Cultural Traditions and Festivals: The Turkmen people have a rich cultural heritage, with traditional music, dance, and crafts playing significant roles in their society. Traditional Turkmen music often features the dutar, a two-stringed musical instrument, and the epic poems of Gorogly, narrated by bards.

Major festivals celebrated in Turkmenistan include Nowruz, the Persian New Year, which marks the arrival of spring and is celebrated with vibrant festivities and rituals.

Language and Religion: The official language of Turkmenistan is Turkmen, a Turkic language with Persian and Arabic influences. Russian is also widely spoken, and English is gaining popularity as the country seeks to promote international communication and tourism.

Islam is the dominant religion in Turkmenistan, with Sunni Islam being the predominant branch. The practice of religion is generally tolerated, but the government maintains strict control over religious activities.

Challenges and Opportunities: Turkmenistan faces several challenges, including economic diversification, human rights issues, and limited political freedoms. The country’s heavy dependence on the energy sector makes it vulnerable to fluctuations in global commodity prices.

However, Turkmenistan also possesses immense potential for growth and development. Its strategic location between Europe and Asia, rich cultural heritage, and abundant natural resources offer opportunities for further economic diversification and increased regional cooperation.

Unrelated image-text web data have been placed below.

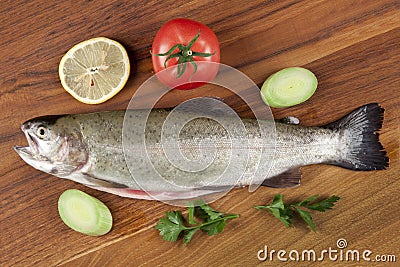 Gutted fish trout on a cutting board Stock Photo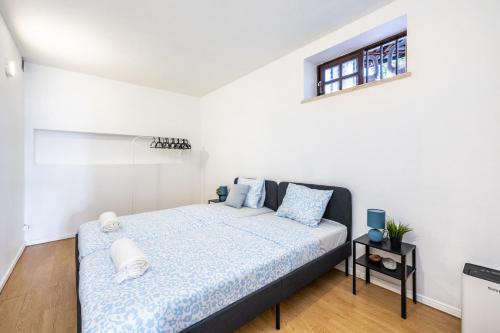 a bedroom with a bed and a window at Casa da Legua -Panoramic Ocean View w Terrace in Pataias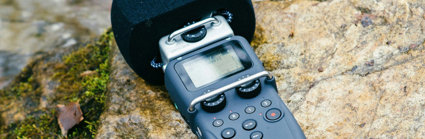 Hand-held microphone layingon a rock in a river.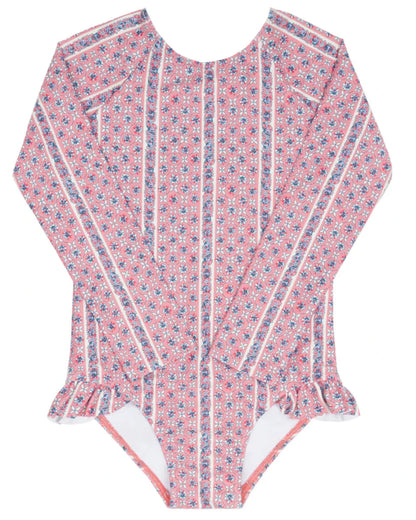 The Minnow Girls' Floral Tile Rashguard One Piece features pink long sleeves, a small floral tile print, vertical white stripes, and hip ruffles for stylish, sun-safe swimwear.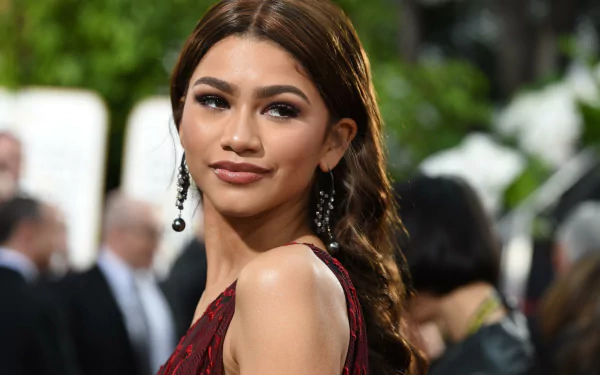 HD wallpaper featuring Zendaya, American singer and actress with brunette hair, brown eyes, and elegant earrings at a formal event.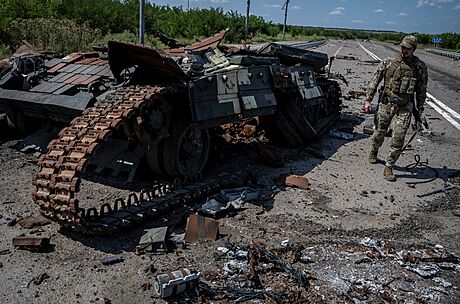 Ukrajinský voják prochází kolem znieného ukrajinského tanku nedaleko obce...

Tourism Potential: Despite its historical and natural attractions, Turkmenistan remains relatively undiscovered by tourists. The country’s government has taken steps to develop tourism infrastructure and promote Turkmenistan as a unique destination, attracting travelers interested in history, culture, and adventure.

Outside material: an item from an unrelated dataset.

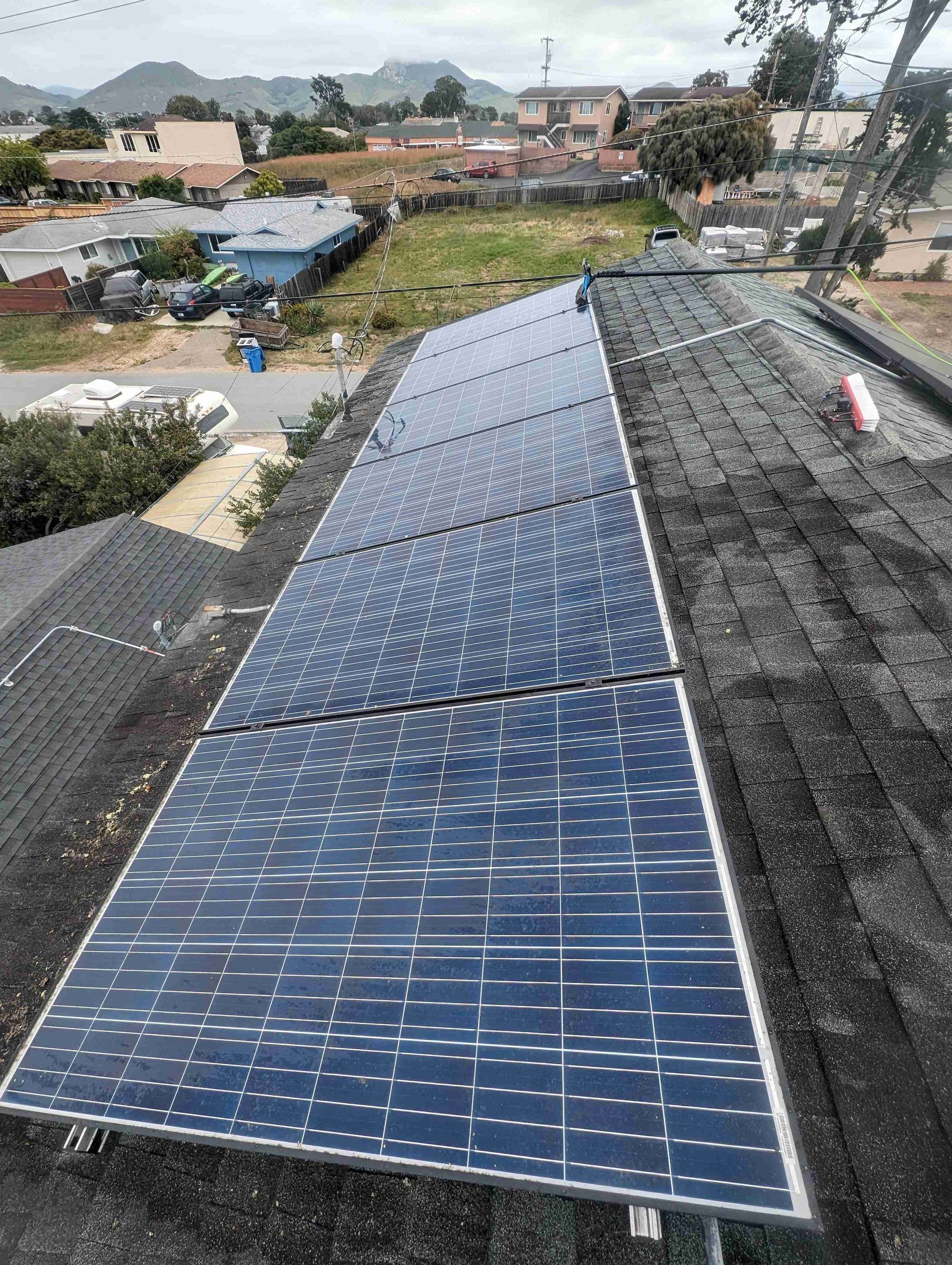Row of solar panels sitting on top of a roof.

In conclusion, Turkmenistan is a nation with a fascinating past, a diverse cultural heritage, and breathtaking landscapes. As it navigates the challenges of the modern world, the country’s rich history, architectural wonders, and natural beauty offer immense potential for a brighter future. With careful planning and sustainable development, Turkmenistan can open its doors to the world and share its remarkable treasures with global travelers.